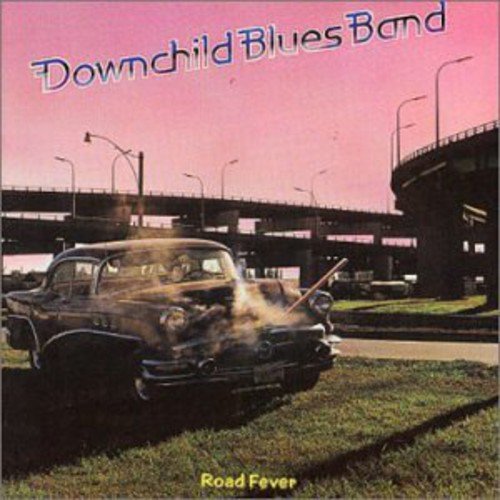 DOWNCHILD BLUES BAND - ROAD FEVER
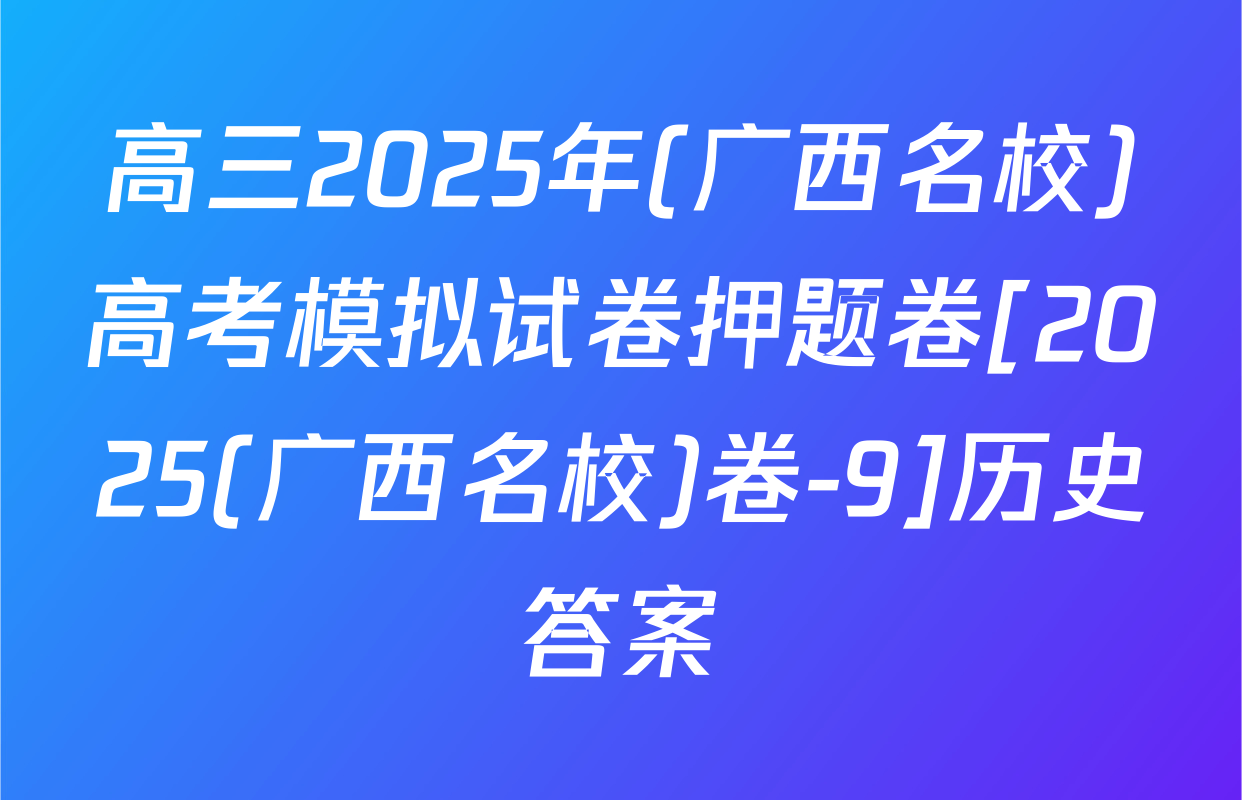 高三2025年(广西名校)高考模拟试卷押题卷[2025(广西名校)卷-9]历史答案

--

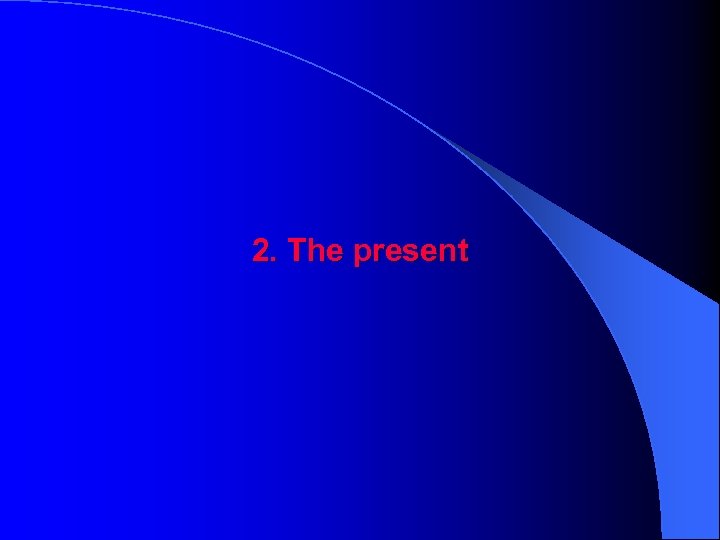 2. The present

▸ **Requirement**:
From the records above, transcribe exactly the lines starting at the one containing "DOWNCHILD BLUES BAND - ROAD FEVER" and ending at the one containing "高三2025年(广西名校)高". Skip the pictures.

▸ **Output of the task**:
 DOWNCHILD BLUES BAND - ROAD FEVER
 高三2025年(广西名校)高考模拟试卷押题卷[2025(广西名校)卷-9]历史答案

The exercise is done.